START DATA IN THIS EXERCISE

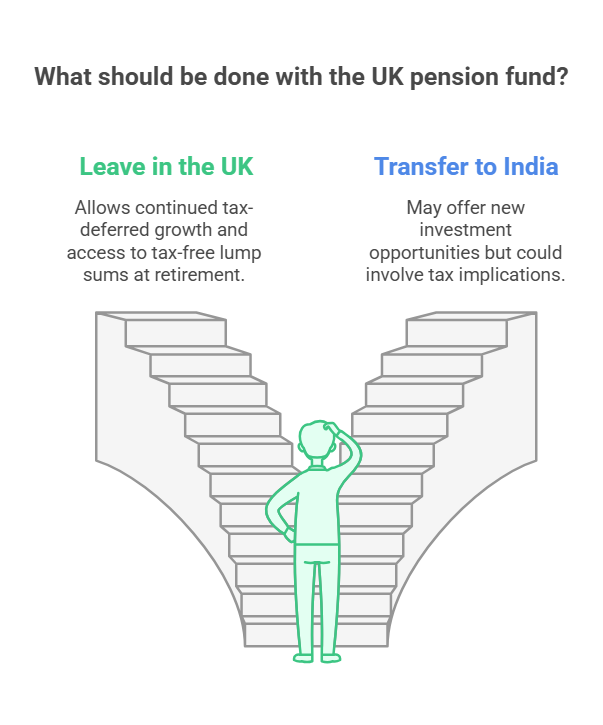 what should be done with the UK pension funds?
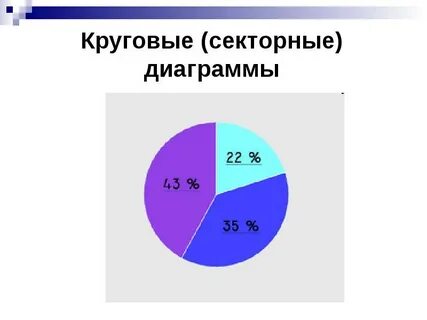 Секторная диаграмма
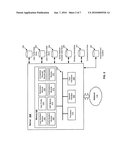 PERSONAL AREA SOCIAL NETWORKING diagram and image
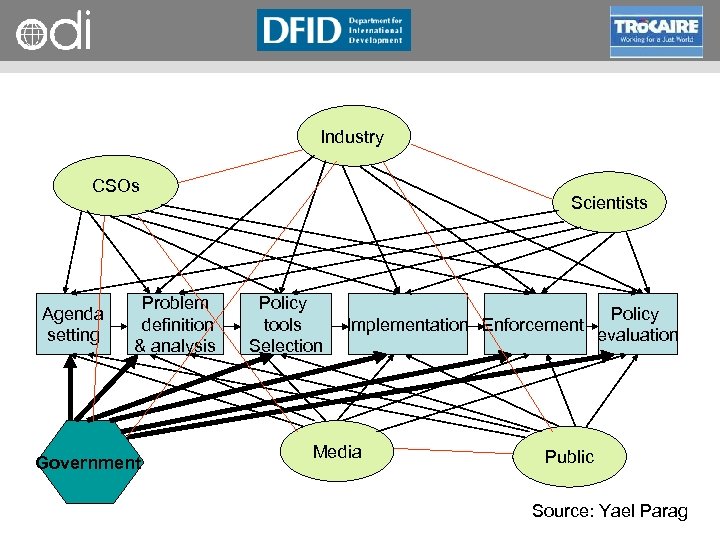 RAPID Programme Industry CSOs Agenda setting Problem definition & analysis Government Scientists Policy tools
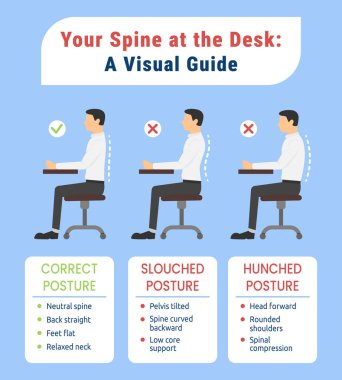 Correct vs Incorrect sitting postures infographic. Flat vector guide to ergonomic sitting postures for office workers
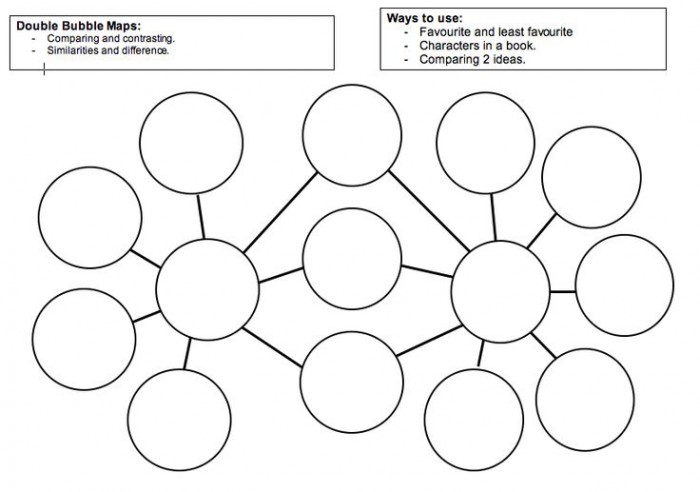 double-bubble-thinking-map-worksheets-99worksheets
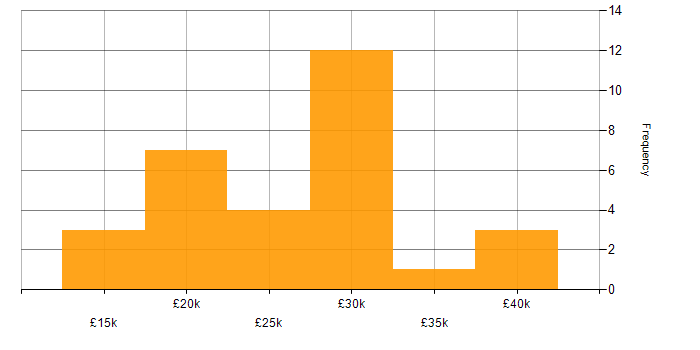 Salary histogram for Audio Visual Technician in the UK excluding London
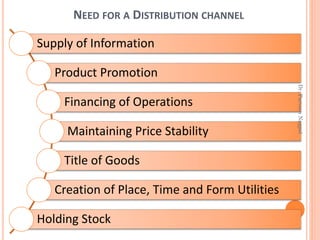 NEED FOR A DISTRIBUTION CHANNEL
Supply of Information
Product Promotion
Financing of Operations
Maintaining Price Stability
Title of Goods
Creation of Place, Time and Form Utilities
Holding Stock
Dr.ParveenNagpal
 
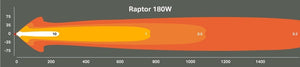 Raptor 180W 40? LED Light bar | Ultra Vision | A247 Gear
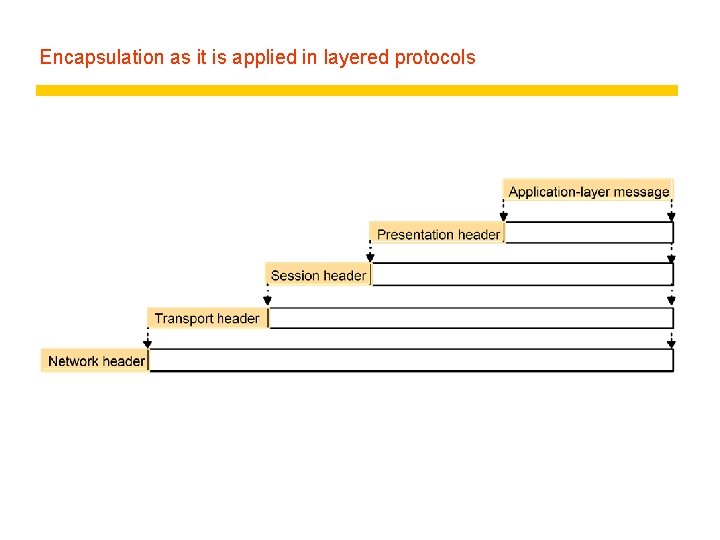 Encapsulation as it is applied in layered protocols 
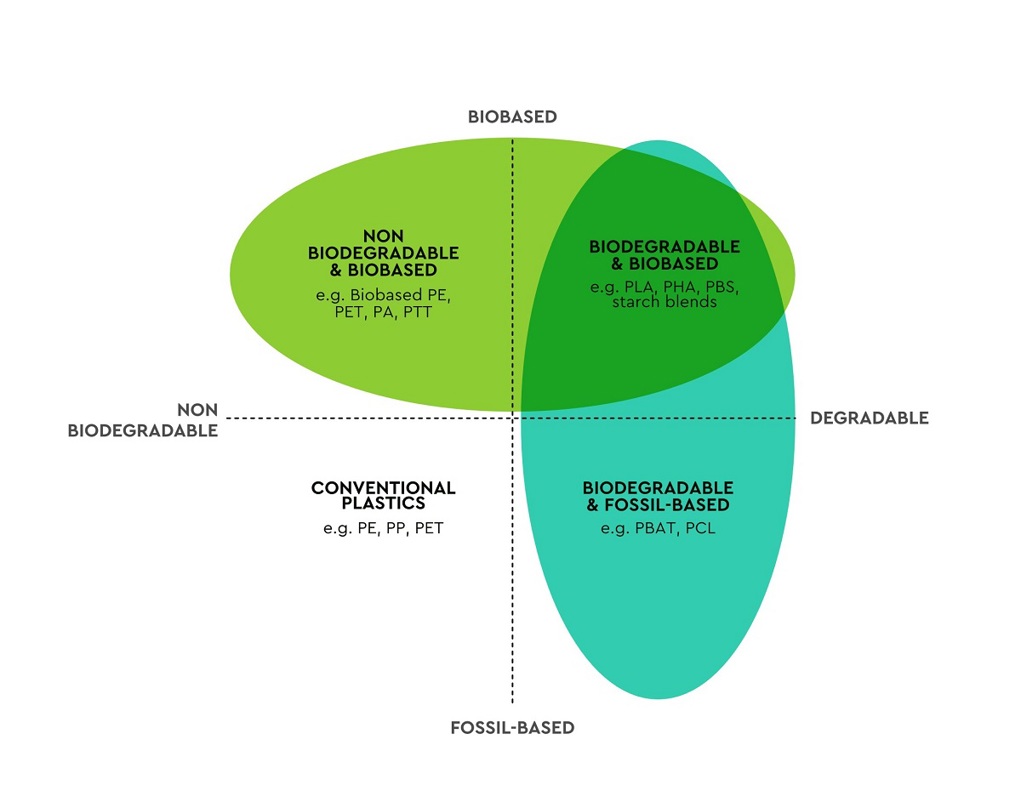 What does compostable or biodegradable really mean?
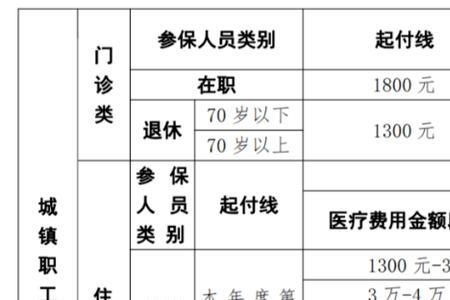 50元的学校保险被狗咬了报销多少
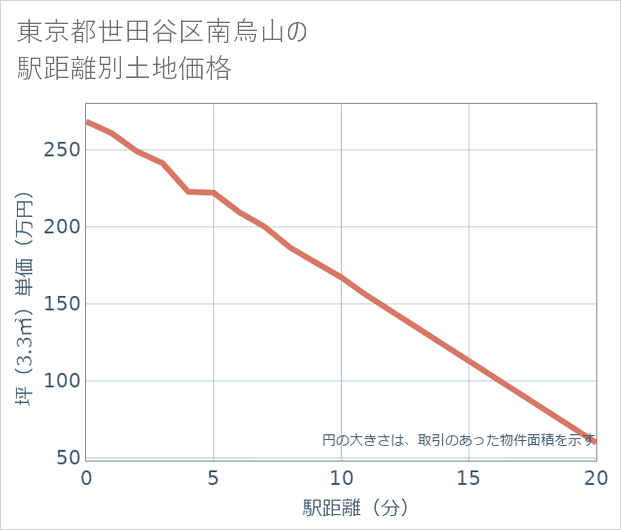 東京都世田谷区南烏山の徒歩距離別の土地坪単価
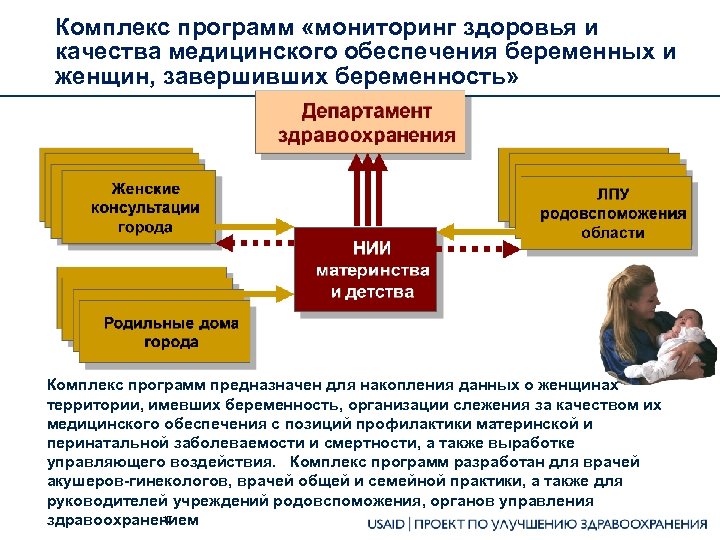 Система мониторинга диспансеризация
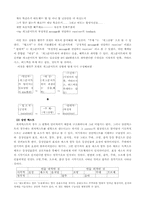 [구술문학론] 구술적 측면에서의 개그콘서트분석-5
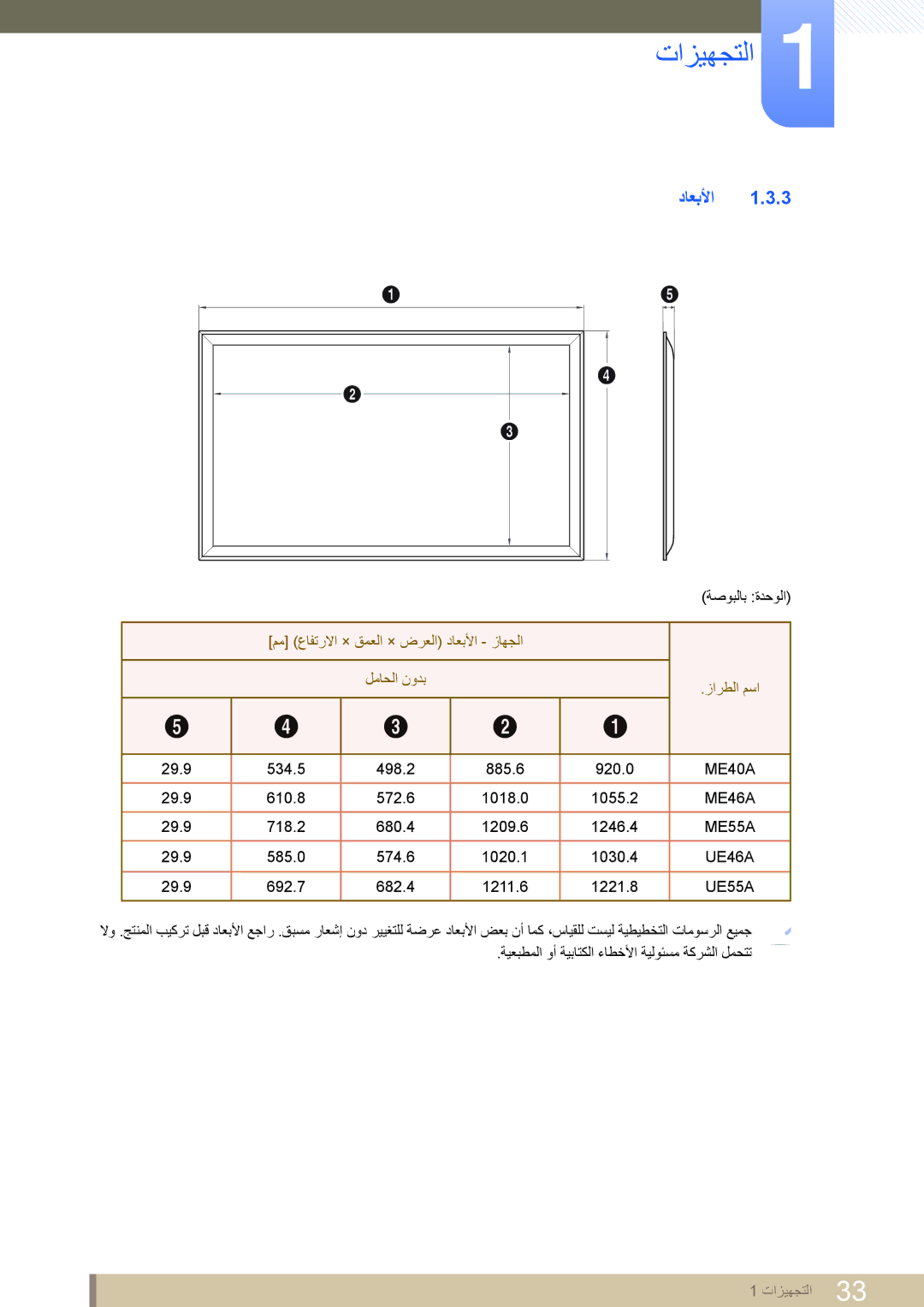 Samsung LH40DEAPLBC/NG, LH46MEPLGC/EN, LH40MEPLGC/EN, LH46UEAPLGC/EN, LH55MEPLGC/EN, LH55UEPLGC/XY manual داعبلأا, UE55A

END DATA IN THIS EXERCISE

TO DO:
A faithful copy of all the data above is required, printed exactly and with no pictures.

ANSWER:
 what should be done with the UK pension funds?
 Секторная диаграмма
 PERSONAL AREA SOCIAL NETWORKING diagram and image
 RAPID Programme Industry CSOs Agenda setting Problem definition & analysis Government Scientists Policy tools
 Correct vs Incorrect sitting postures infographic. Flat vector guide to ergonomic sitting postures for office workers
 double-bubble-thinking-map-worksheets-99worksheets
 Salary histogram for Audio Visual Technician in the UK excluding London
 NEED FOR A DISTRIBUTION CHANNEL
Supply of Information
Product Promotion
Financing of Operations
Maintaining Price Stability
Title of Goods
Creation of Place, Time and Form Utilities
Holding Stock
Dr.ParveenNagpal
 
 Raptor 180W 40? LED Light bar | Ultra Vision | A247 Gear
 Encapsulation as it is applied in layered protocols 
 What does compostable or biodegradable really mean?
 50元的学校保险被狗咬了报销多少
 東京都世田谷区南烏山の徒歩距離別の土地坪単価
 Система мониторинга диспансеризация
 [구술문학론] 구술적 측면에서의 개그콘서트분석-5
 Samsung LH40DEAPLBC/NG, LH46MEPLGC/EN, LH40MEPLGC/EN, LH46UEAPLGC/EN, LH55MEPLGC/EN, LH55UEPLGC/XY manual داعبلأا, UE55A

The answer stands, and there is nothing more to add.